*ABOUT THIS TASK*. Quote the listing below in full and exactly as written, but omit every picture.

*RECORDS SUPPLIED*.
▶
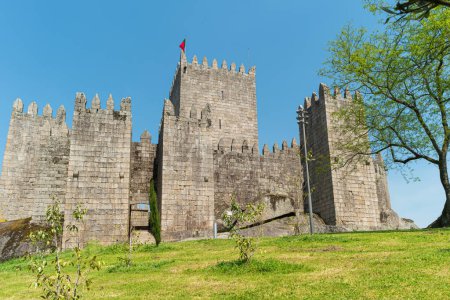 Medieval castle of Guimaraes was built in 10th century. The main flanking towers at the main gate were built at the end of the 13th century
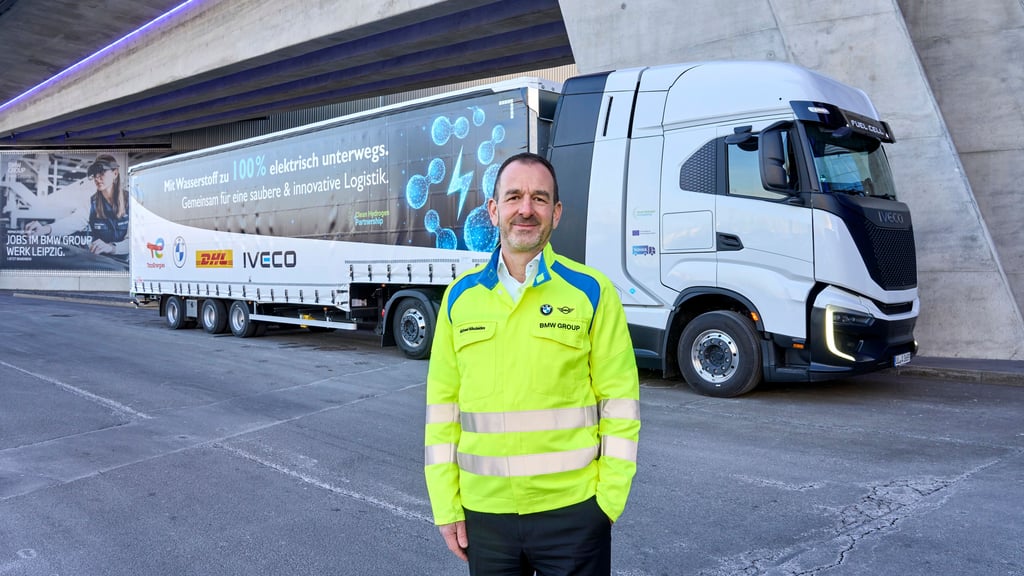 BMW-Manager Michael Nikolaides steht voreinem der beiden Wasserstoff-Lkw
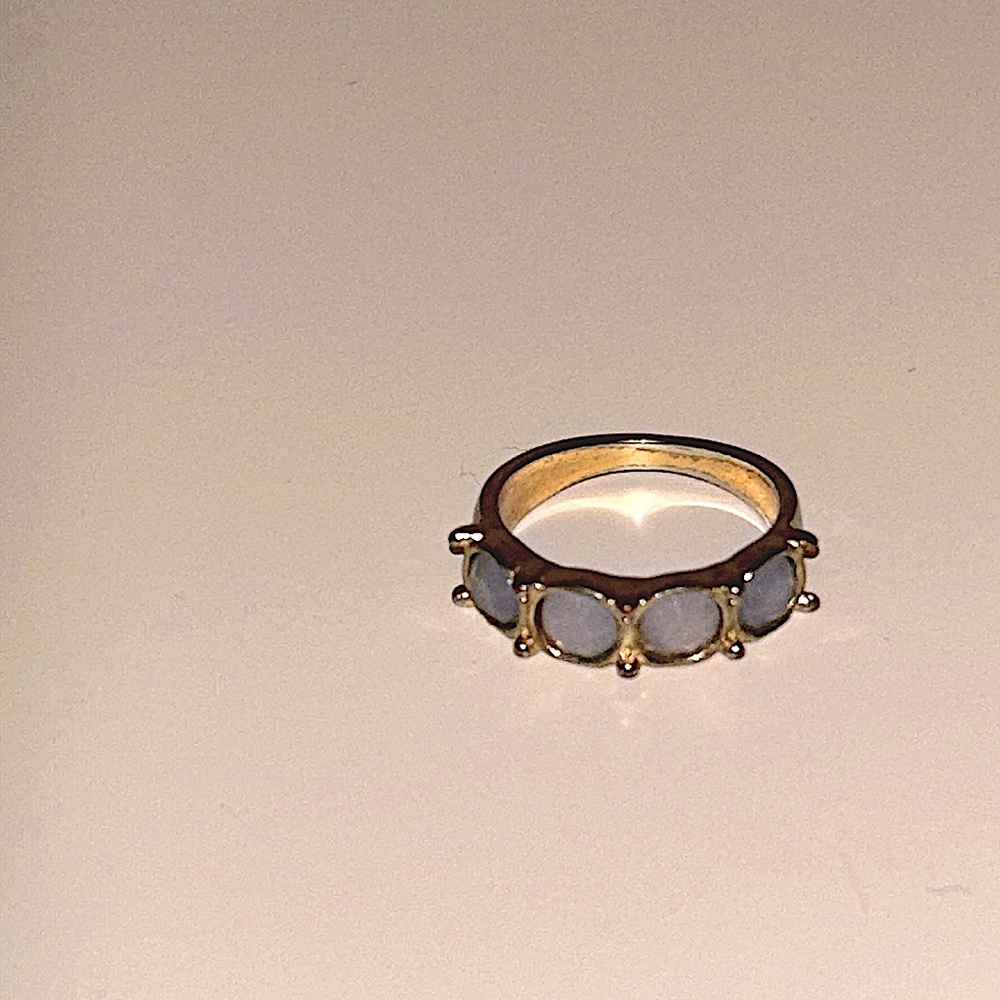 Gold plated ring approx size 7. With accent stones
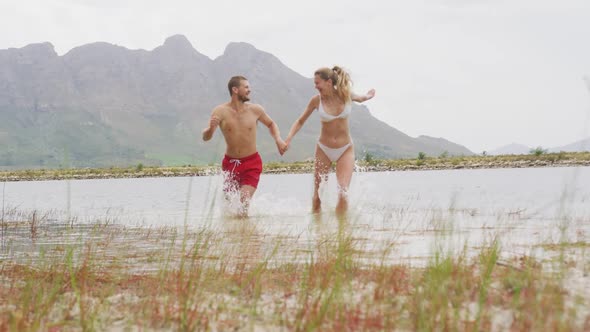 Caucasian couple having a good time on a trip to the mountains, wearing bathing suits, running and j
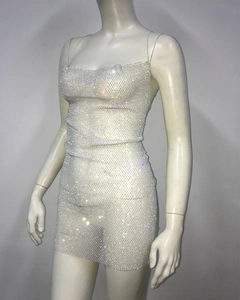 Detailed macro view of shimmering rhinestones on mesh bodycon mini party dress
◀
*RESULT*.
 Medieval castle of Guimaraes was built in 10th century. The main flanking towers at the main gate were built at the end of the 13th century
 BMW-Manager Michael Nikolaides steht voreinem der beiden Wasserstoff-Lkw
 Gold plated ring approx size 7. With accent stones
 Caucasian couple having a good time on a trip to the mountains, wearing bathing suits, running and j
 Detailed macro view of shimmering rhinestones on mesh bodycon mini party dress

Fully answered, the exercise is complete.